The mindset we must get past is the notion that troops on the ground are the only good avenue to national security. The complete picture must be assessed in making the decision to stay or go. The brisk withdrawal of troops from Afghanistan can yield budget relief yes, but it can also provide the resource needed to take up an ever more brisk action against terrorism on other fronts. Everything from espionage and special operations, to humanitarian relief and economic development can serve the goal of fighting terror. The sooner that reality is embraced, the sooner our Af-Pak strategy can mature.

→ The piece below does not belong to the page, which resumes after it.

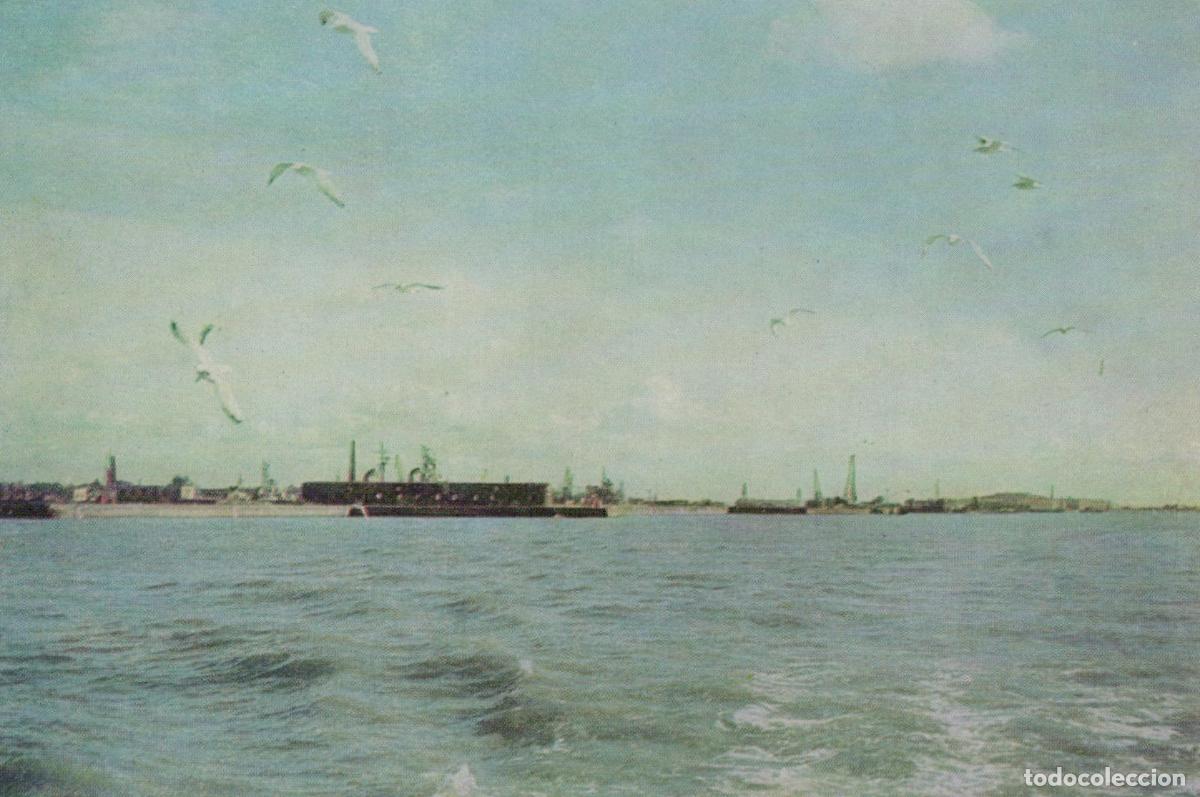 Postais: Russia Kronstadt City View From the Gulf Seaport With Ships and Unposted *YAY355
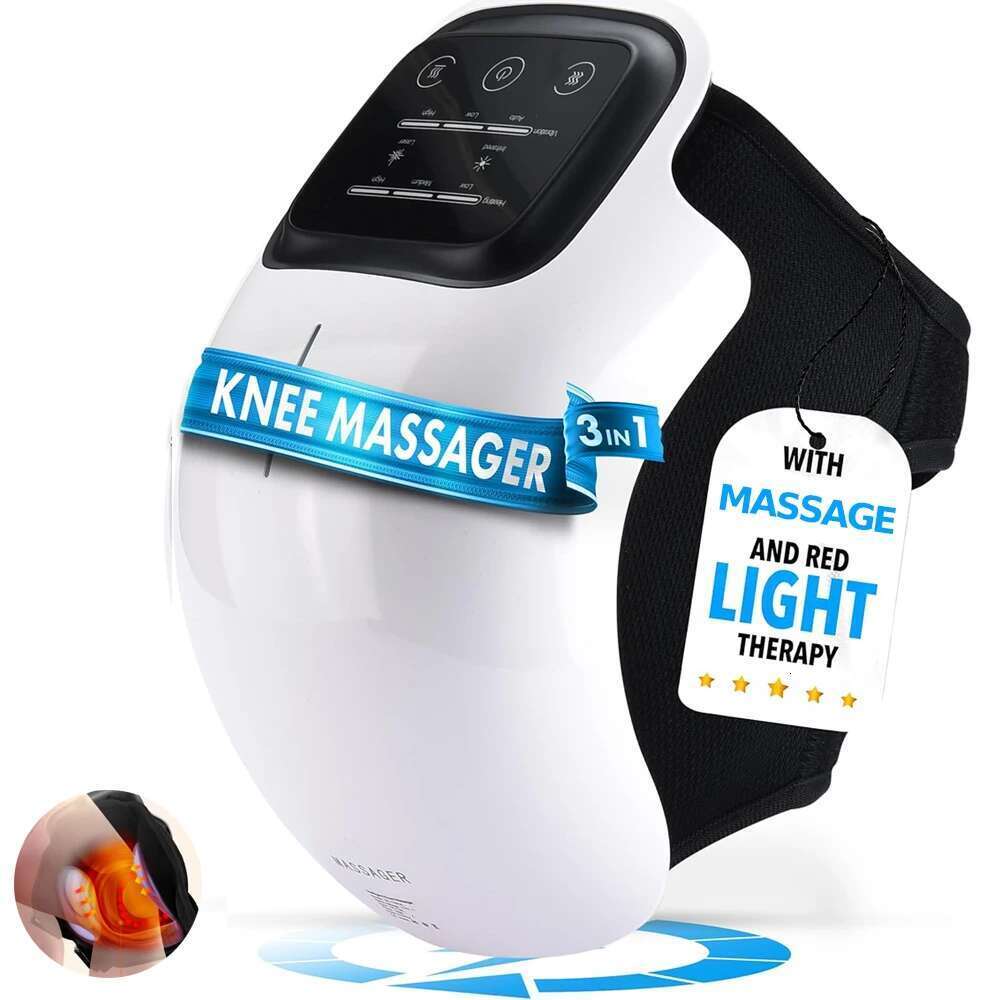 Knee Massager Smart Red Light Massage Therapy for Swelg Stiff Joints Stretched Ligament and Muscles Injuries Gifts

Troops should not be withdrawn at a pace that compromises the gains made in Afghanistan’s south; packets of withdrawals, followed by periods of observation, should serve to ensure gains are not lost. The President should withdraw the first 10,000 troops this summer, with 10,000 more scheduled to leave later in the fall after another stability review. The process can be repeated again, given adequate stability and improvements in Afghan forces, until all 100,000 are home. Such a staged withdrawal, under the best cast scenario, could see all of our troops home from the region by Christmas of 2013.
The United States must figure out its place in 21st Century diplomacy. The notion is easier written than done; isolationism (as expressed by our desire to bring ’em home, and our general dislike of foreign aid) seems to be the popular sentiment of the day, but Americans still care about our influence in the world at large. Too often, however, we think only of the positives our involvement brings to the table; negative consequences that aren’t acknowledged are never properly considered. Afghanistan and Pakistan are geopolitical linchpins; a nascent Russia, thriving China, and booming India sit to their east. The region also covers the southern approach to the Persian Gulf. An explosion of rivalry and regional ambition, combined with the nuclear arsenals of the major players, is decidedly not in the interests of the United States.
How we choose to end our direct involvement will play a major role in the future of this region. But end it we must; we are gifted with the most professional and capable military in the world, but they are only human. Stray bullets and collateral damage are part and parcel of military action, but are primal and personal to the families who suffer the wounds. The sooner we can leave the region, without leaving friends unprepared for our departure, the better for us all.